* Goal of the exercise *
Once the pictures are set aside, reproduce the remaining data exactly.

━━━━━ Data excerpt

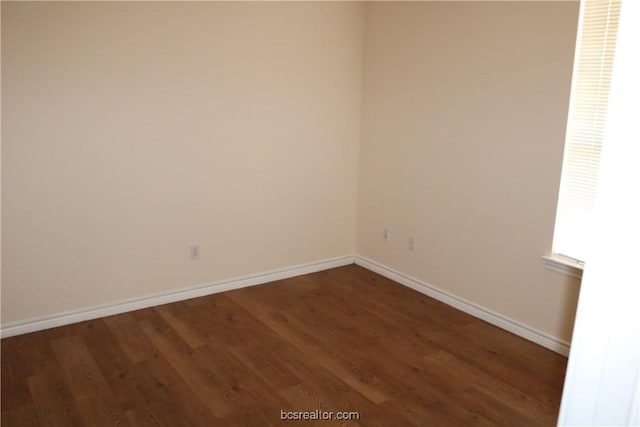 empty room featuring dark hardwood / wood-style floors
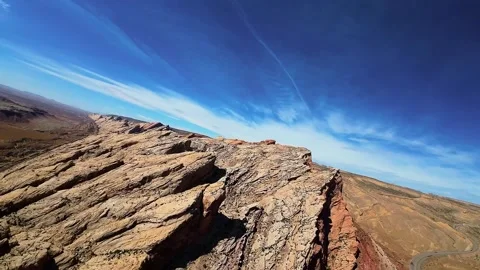 Epic wide angle aerial shot of a deep canyon with a winding road and blue sky Vídeos de archivo 331769525
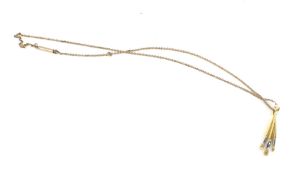 A vintage yellow metal bayonet clasp necklace with a pendant modelled as three paintbrushes, L25cm,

━━━━━━━━━━

* Task result *
 empty room featuring dark hardwood / wood-style floors
 Epic wide angle aerial shot of a deep canyon with a winding road and blue sky Vídeos de archivo 331769525
 A vintage yellow metal bayonet clasp necklace with a pendant modelled as three paintbrushes, L25cm,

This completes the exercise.